Defining True Home Ground Advantage and Neutral Venues
# Provided dictionary of teams and their venues
teams_venues = {
    'Adelaide': ['Football Park', 'Adelaide Oval'],
    'Port Adelaide': ['Football Park', 'Adelaide Oval'],
    'Brisbane Lions': ['Metricon Stadium', 'Gabba'],
    'Gold Coast': ['Metricon Stadium', 'Gabba','TIO Stadium'],
    'Greater Western Sydney': ['ANZ Stadium', 'GIANTS Stadium', 'UNSW Canberra Oval', 'SCG'],
    'Sydney': ['ANZ Stadium', 'GIANTS Stadium', 'SCG'],
    'West Coast': ['Optus Stadium', 'Subiaco'],
    'Fremantle': ['Optus Stadium', 'Subiaco'],
    'Geelong': ['GMHBA Stadium', 'MCG', 'Marvel Stadium'],
    'Carlton': ['MCG', 'Marvel Stadium'],
    'Collingwood': ['MCG', 'Marvel Stadium'],
    'Essendon': ['MCG', 'Marvel Stadium'],
    'Hawthorn': ['MCG', 'Marvel Stadium'],
    'Melbourne': ['MCG', 'Marvel Stadium'],
    'North Melbourne': ['MCG', 'Marvel Stadium'],
    'Richmond': ['MCG', 'Marvel Stadium'],
    'St Kilda': ['MCG', 'Marvel Stadium'],
    'Western Bulldogs': ['MCG', 'Marvel Stadium']
}

# Update 'home_away_for' column based on conditions
for index, row in afl_data.iterrows():
    if row['home_away_for'] == 'AWAY' and row['match_venue'] in teams_venues.get(row['match_team'], []):
        afl_data.at[index, 'home_away_for'] = 'HOME'

# Provided dictionary of venues and their associated teams
venues_teams = {
    'University of Tasmania Stadium': ['Hawthorn'],
    'UNSW Canberra Oval': ['Greater Western Sydney'],
    'GMHBA Stadium': ['Geelong'],
    'Blundstone Arena': ['North Melbourne'],
    'SCG': ['Greater Western Sydney', 'Sydney'],
    'Gabba': ['Brisbane Lions', 'Gold Coast'],
    'ANZ Stadium': ['Greater Western Sydney', 'Sydney'],
    'MCG': ['Carlton', 'Collingwood', 'Essendon', 'Geelong', 'Hawthorn', 'Melbourne', 'North Melbourne', 'Richmond', 'St Kilda', 'Western Bulldogs'],
    'Marvel Stadium': ['Carlton', 'Collingwood', 'Essendon', 'Geelong', 'Hawthorn', 'Melbourne', 'North Melbourne', 'Richmond', 'St Kilda', 'Western Bulldogs'],
    'Metricon Stadium': ['Brisbane Lions', 'Gold Coast'],
    'Subiaco': ['West Coast', 'Fremantle'],
    'Optus Stadium': ['West Coast', 'Fremantle'],
    'Football Park': ['Adelaide', 'Port Adelaide'],
    'Adelaide Oval': ['Adelaide', 'Port Adelaide'],
    'GIANTS Stadium': ['Greater Western Sydney'],
    'Mars Stadium': ['Western Bulldogs'],
    'TIO Stadium' : ['Gold Coast']
}

# Update 'home_away_for' column based on conditions
for index, row in afl_data.iterrows():
    if row['match_team'] not in venues_teams.get(row['match_venue'], []) and row['match_opponent'] not in venues_teams.get(row['match_venue'], []):
        afl_data.at[index, 'home_away_for'] = 'NEUTRAL'

Creating rolling team and player windows

Let's create rolling windows for our team stats based on the last 10 matches and player stats for the last 5 matches. We'll then combine all this data ready for our algorithm

rolling windows
# Sort the DataFrame by 'match_team' alphabetically and 'match_id' ascending
afl_data_sorted = afl_data.sort_values(by=['match_team', 'match_id'])
rolling_team_columns = []

# Identify columns that start with 'team'
team_columns = [col for col in afl_data_sorted.columns if col.startswith('team')]
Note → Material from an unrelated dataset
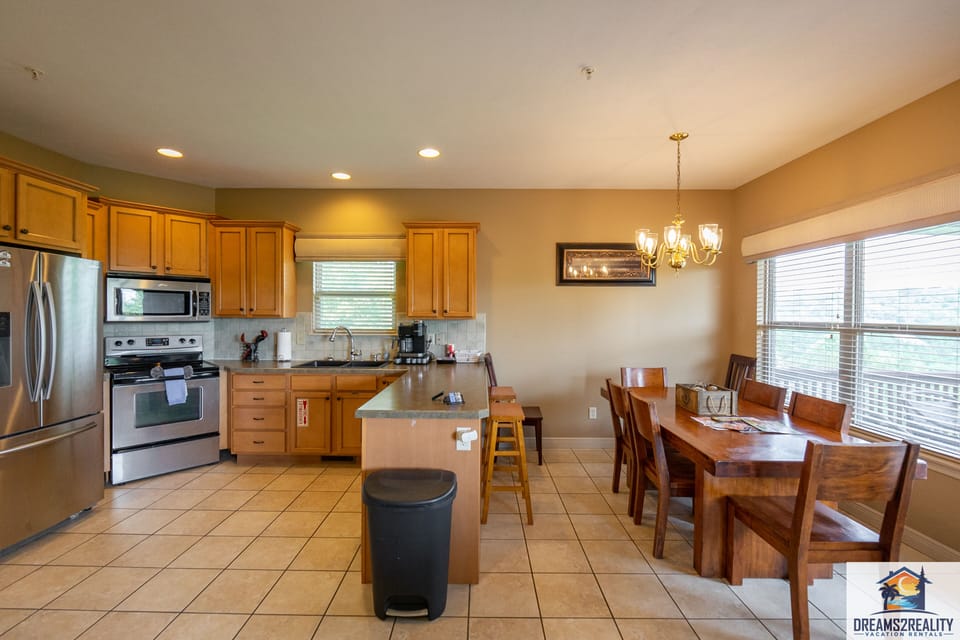 Kitchen and Dining Area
# Calculate rolling average for the last ten match_ids for each match_team, excluding the current match_id
def rolling_average_excluding_current(group):
    for col in team_columns:
        group[f'{col}_rolling_avg'] = group[col].shift(1).rolling(window=10, min_periods=10).mean()
        group[f'{col}_rolling_var'] = group[col].shift(1).rolling(window=10, min_periods=10).var()
        group[f'{col}_rolling_std'] = group[col].shift(1).rolling(window=10, min_periods=10).std()
        group[f'{col}_rolling_median'] = group[col].shift(1).rolling(window=10, min_periods=10).median()
    return group

# Apply the rolling average function to each group of 'match_team'
afl_data_rolling_avg = afl_data_sorted.groupby('match_team').apply(rolling_average_excluding_current)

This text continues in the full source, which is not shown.